Another thing to consider when analyzing the transcriptome of peripheral blood cells in cancer patients is that some of the detected gene expression differences may come from circulating tumor cells (CTCs)—the cells shed by the tumor into the bloodstream. However, the contribution of CTCs to total gene expression is likely very small, as deduced from measuring the expression of cytokeratin-19 (used as a marker for detecting CTCs) in PBMCs of BC patients [11]. Moreover, in the early stage of BC, CTCs could not be detected in the peripheral blood of BC patients; they were detected in 2% of stage II and 9% of stage III patients [92].

Studying homogenous blood cell subpopulations could increase comparability between different studies. So far, research groups have used various techniques to obtain peripheral blood nucleated cells (e.g., gradient centrifugation, lysis of erythrocytes in whole blood). However, the findings obtained by different techniques are not entirely comparable. Overall, studies indicate that transcriptome analyses would be stronger if the blood cell population responsible for the differential gene expression was identified and analyzed.

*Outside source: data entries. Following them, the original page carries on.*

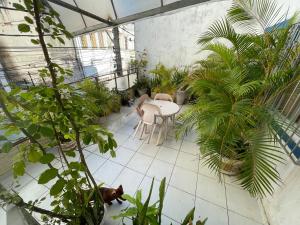 Quarto, sala, cozinha e banheiro menos de 2 minutos da praia do Porto da Barra-101-46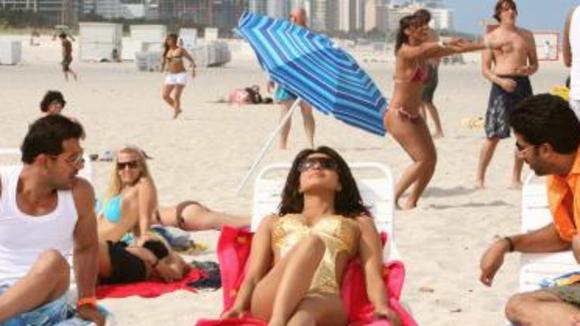 Photo from the movie Dostana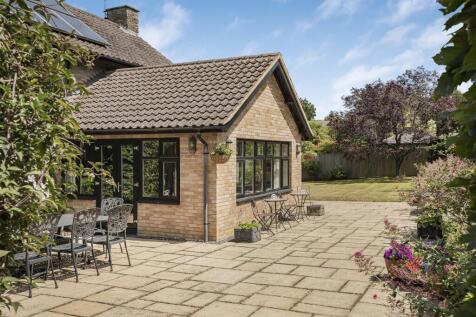 Langleys, 6 Deans Row, Gayton
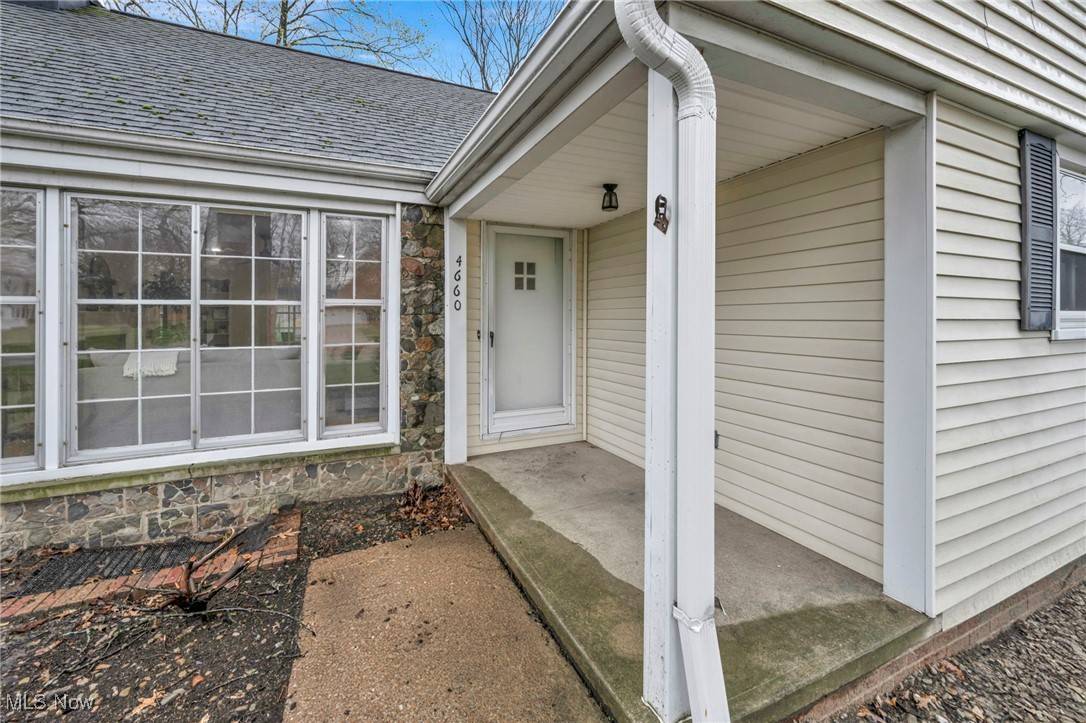 Fairview Park, OH 44126,4660 W 210th ST
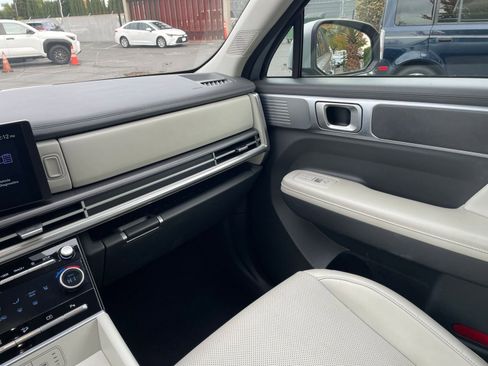 Used 2025 Hyundai Santa Fe SEL image 40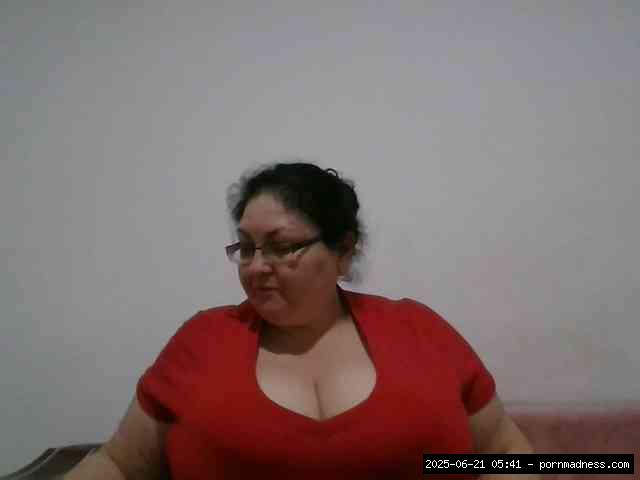 Cam4 Italia, Shaved White, Shaved Mature, Group Chat For 40 Tokens, Full Privates For 60.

Future technical advances are expected to help further expand our understanding of transcriptional changes that occur in peripheral blood of BC patients. While cost-effective and easy-to-perform standard methods (e.g., qRT-PCR, PCR Arrays) are used in the clinical setting for detection of validated transcript biomarkers in cancer patients, more powerful transcriptome technologies are used for biomarker discovery. Conventional technologies such as PCR arrays and microarrays make it possible to examine hundreds or thousands of transcripts simultaneously. However, they can only analyze predefined transcripts. Moreover, the dynamic range of microarrays is relatively narrow (i.e., transcript detection is limited by the background noise on the lower end and signal saturation at the higher end) [121,122]. RNA sequencing (RNA-seq) is an advanced technology that enables deep gene expression analysis with wider dynamic range and higher sensitivity. It facilitates the discovery of novel transcripts and splicing variants, fused transcripts, rare transcripts, single nucleotide variants and indels [123]. Nonetheless, both microarrays and RNA-seq are bulk transcriptomic analyses. That is, they rely on RNA extraction from a pooled population of cells, which may fail to identify rare cell types or differences between cells, and limits the understanding of individual cell type phenotypes [122]. These limitations can be overcome by the newest technologies such as single-cell RNA-Seq (scRNA-Seq), which enables transcriptome analysis at the single-cell level and identification of phenotypic and functional heterogeneity among single cells [124]. While there is room for improvement even with this technology (e.g., in terms of scalability and cost), scRNA-Seq is expected to facilitate breakthroughs in biomarker discovery and the understanding of immune mechanisms.

10. Concluding Remarks

Overall, our understanding of the changes in PBC transcripts and the relationship between breast cancer and immune surveillance has broadened. The continued improvement in our knowledge of immune responses will help us to identify new TNBC predictive and prognostic markers. This will enhance minimally invasive early cancer detection and the development of novel innovative treatments aimed at immune system modulation to render it more combative towards the tumor. In the future, analyses of immune gene expression in the blood will help to inform clinical decisions, including the potential use of immunotherapy.